The McCandless story is well known: how the 24-year-old hiker, born in California, raised in Virginia, abandoned his safe suburban upbringing, donating $24,000 in savings to charity and styling himself Alexander Supertramp, and set off on a two-year hitchhiking journey. Though he was well-educated, his upper-middle class background and academic success only fueled his contempt for what he saw as the empty materialism of society. Tragically, after living out his adventure for 113 days in the Alaskan wilderness, McCandless succumbed to starvation in late August 1992.

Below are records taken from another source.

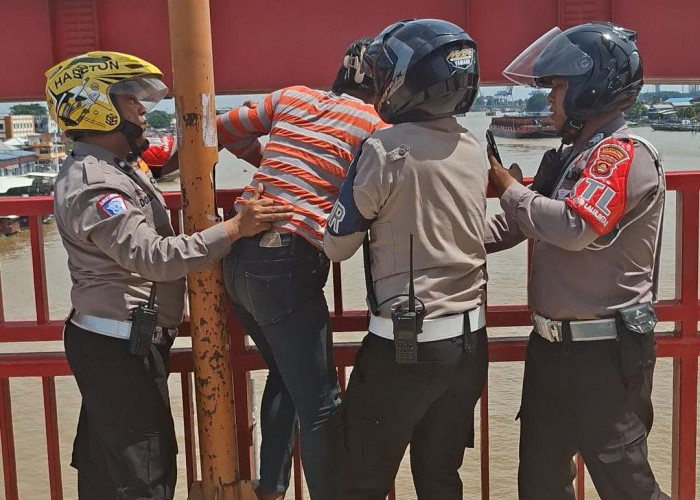 Sigap, Polisi Patroli Gendong Turun Wanita yang Hendak Melompat dari Jembatan Ampera Palembang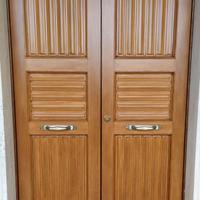 Portone in legno Douglas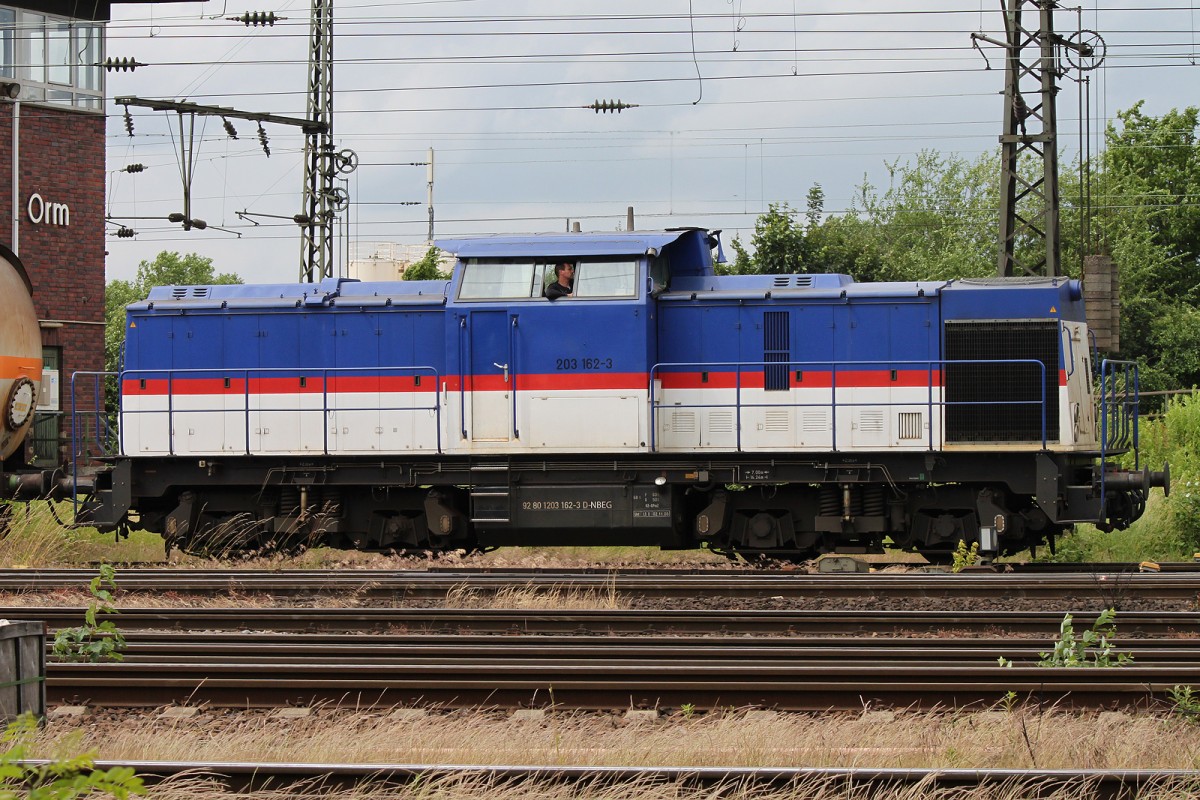 203 162 zog am 22.6.13 einen Kesselzug aus Oberhausen-West.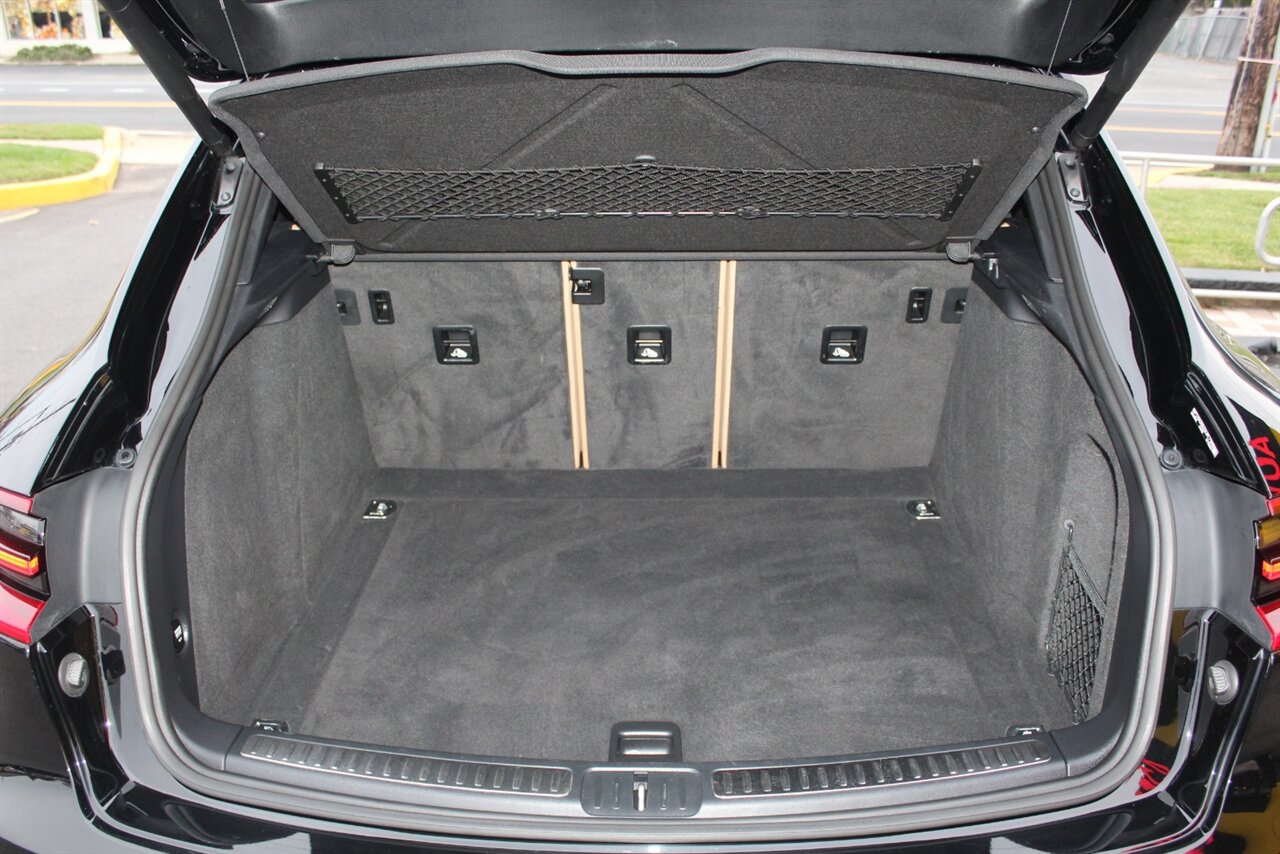 2018 Porsche Macan - Photo 20 - Red Bank, NJ 07701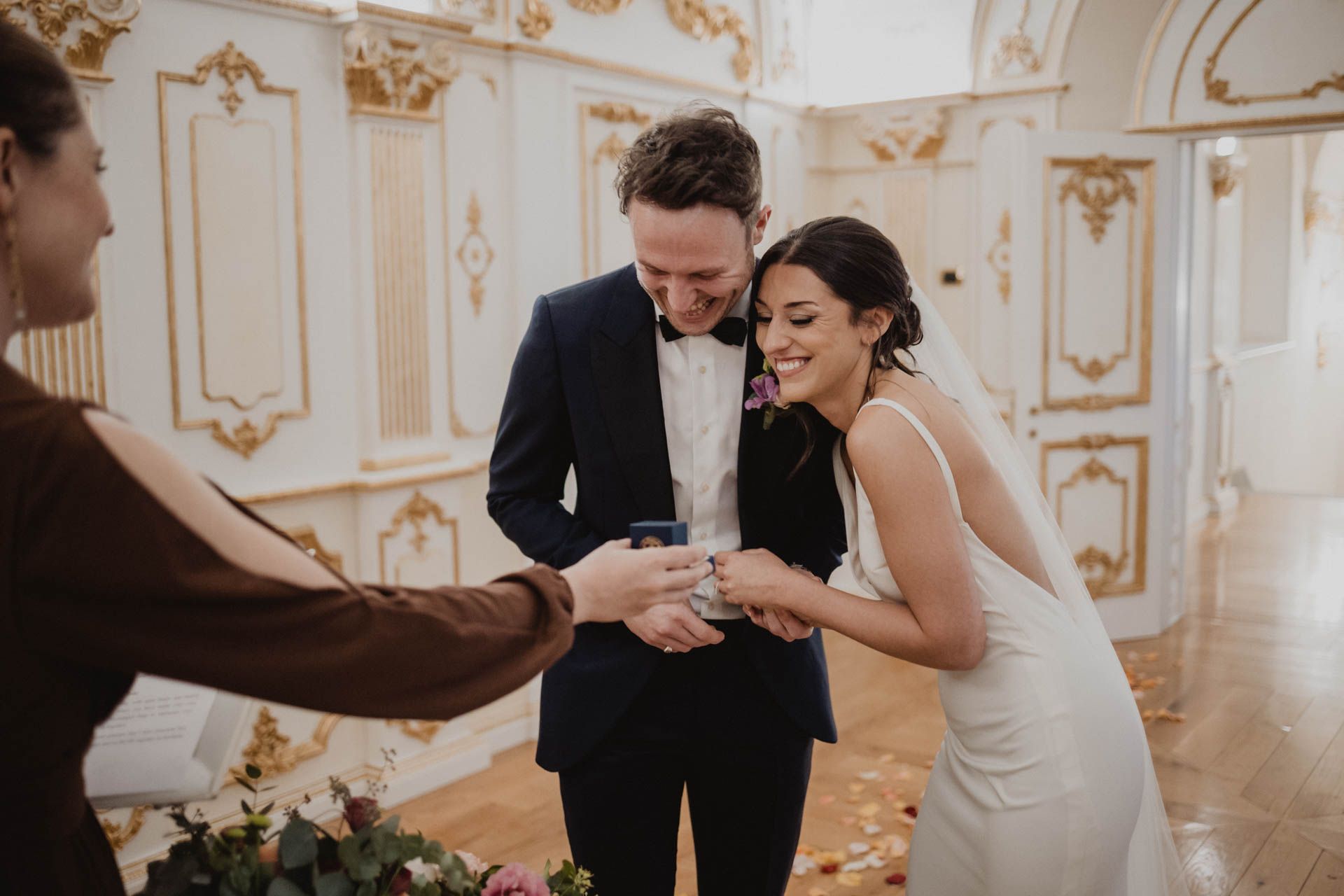 romantic elopement in tuscany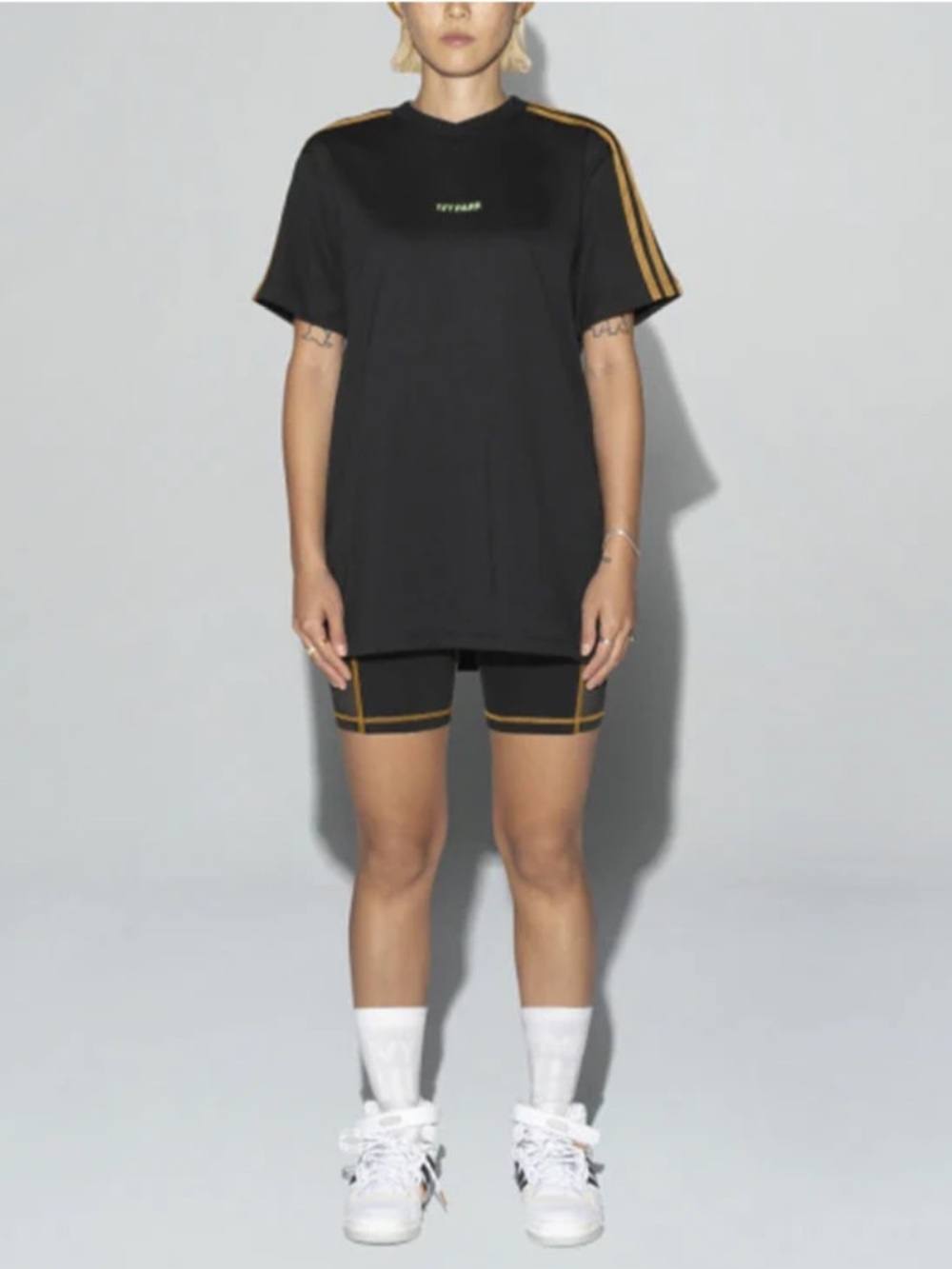 Adidas x Ivy Park Crossover Embroidered Logo T Shirt Black Gold Stripes Unisex S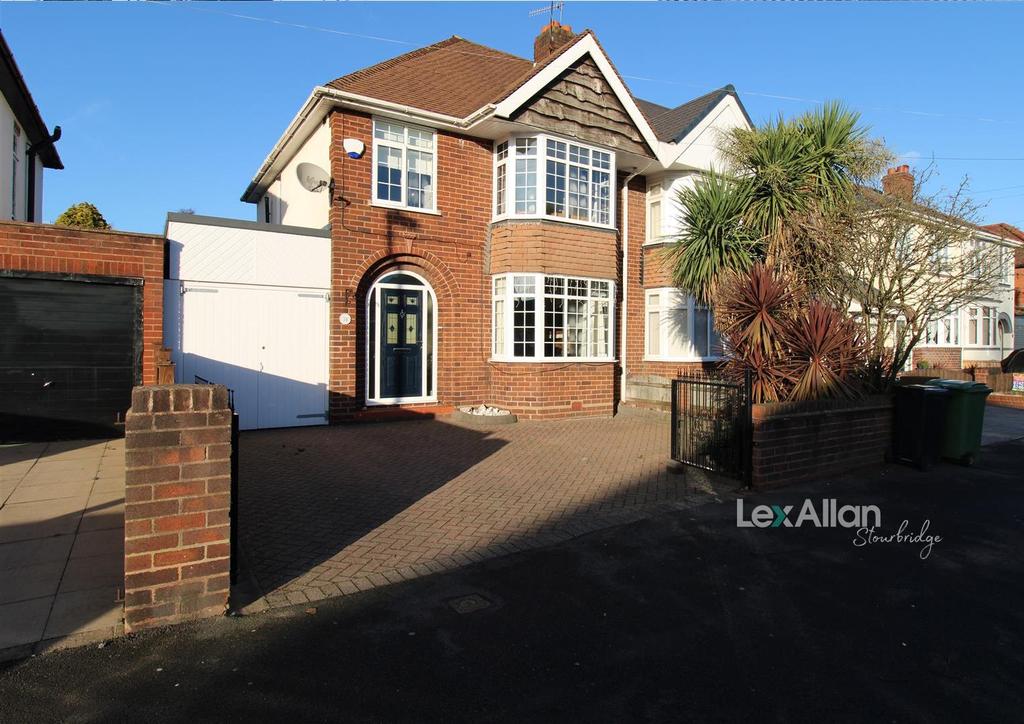 Acres Road, Brierley Hill 3 bed semidetached house £260,000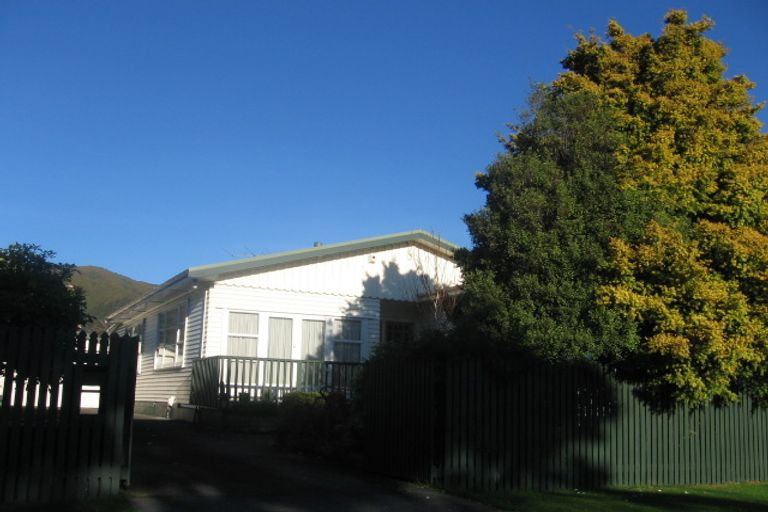 Photo of property in 64 Cambridge Terrace, Waterloo, Lower Hutt, 5011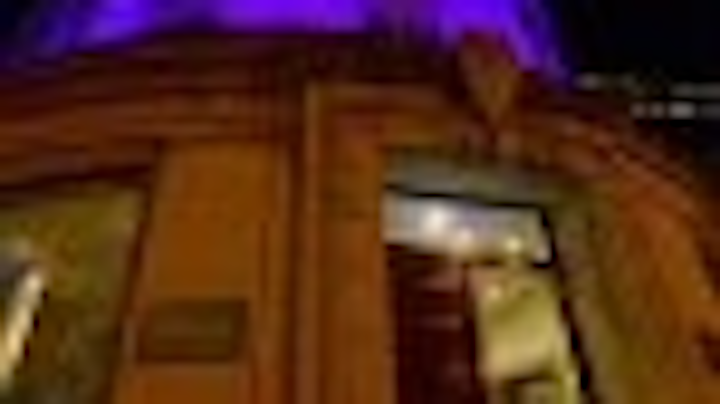 Content Dam Leds En Articles 2005 02 Led Fixtures Bring Light To Financial Institution Leftcolumn Article Thumbnailimage File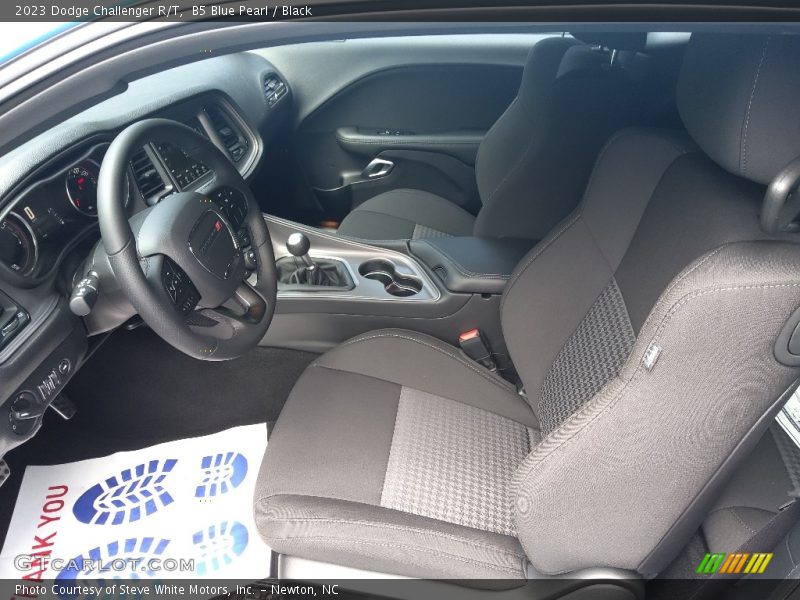 B5 Blue Pearl / Black 2023 Dodge Challenger R/T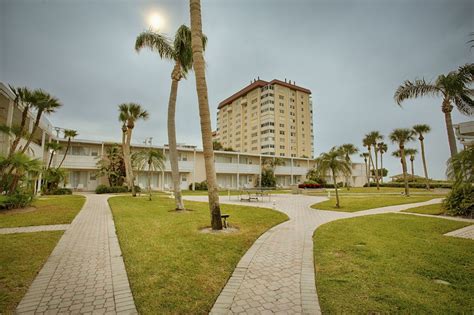 Sandcastle Resort at Lido Beach: 2019 Room Prices $120, Deals & Reviews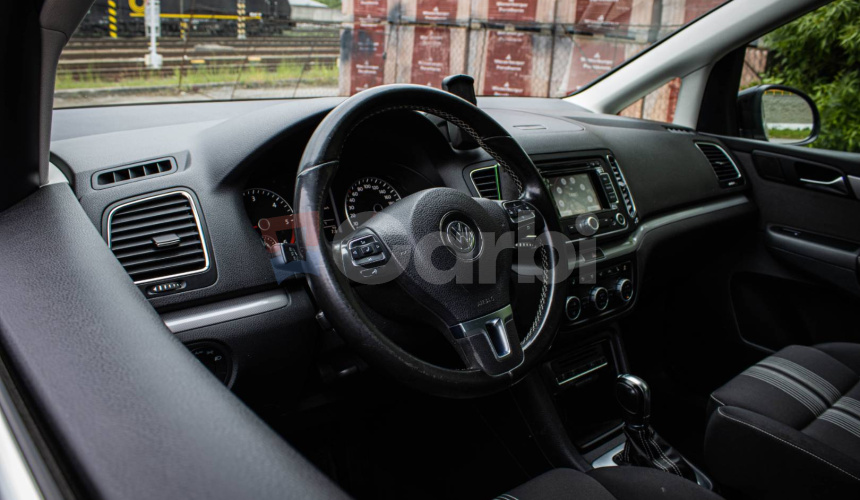 Volkswagen Sharan 2.0 TDI CR DSG, Bixenón, Navi, Ťažné, nelakované, vymenené rozvody, Nová STK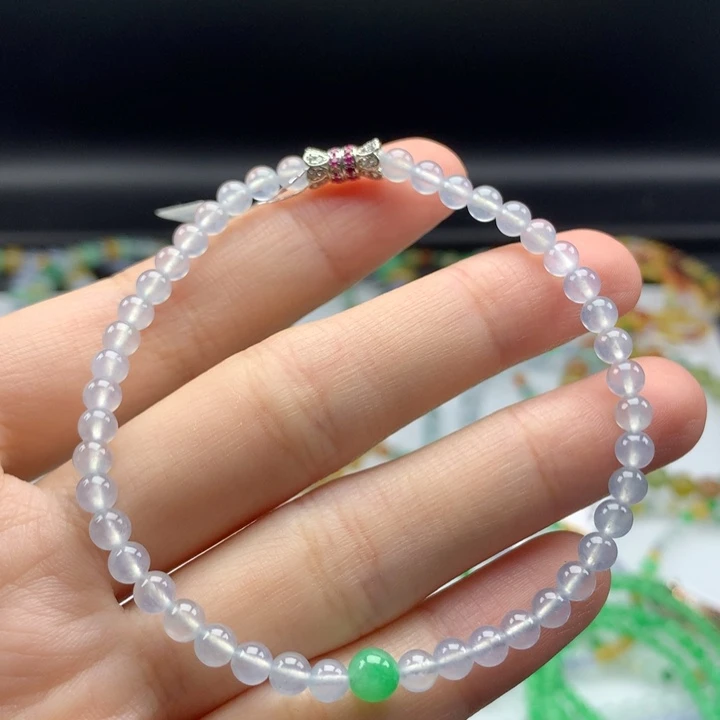 翡翠手镯未镶嵌翡翠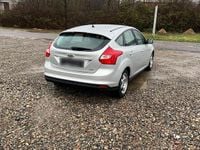 Second-hand Ford Focus 125 CP (91 kW) 2012 Argintiu Berlinǎ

The Stampede Trail is most known for being the trail that Chris McCandless set out on in April 1992 with the intention of living off the land for the summer. It’s home to “the magic bus”, which became Chris’s base during that time. The Stampede Trail is long, wet, and buggy. On the upside, the terrain is mostly level. There aren’t really any long uphill sections worth noting. You’ll face two river crossings, a night or two in bear country, and swarms of mosquitoes that will try to pick you up and carry you away. This is not a hike for beginners. No two ways about it. Despite how badly you may want to see the bus, if you are not a reasonably proficient hiker (someone with experience hiking 15+ miles a day for multiple days with a pack) then you are probably getting yourself in over your head.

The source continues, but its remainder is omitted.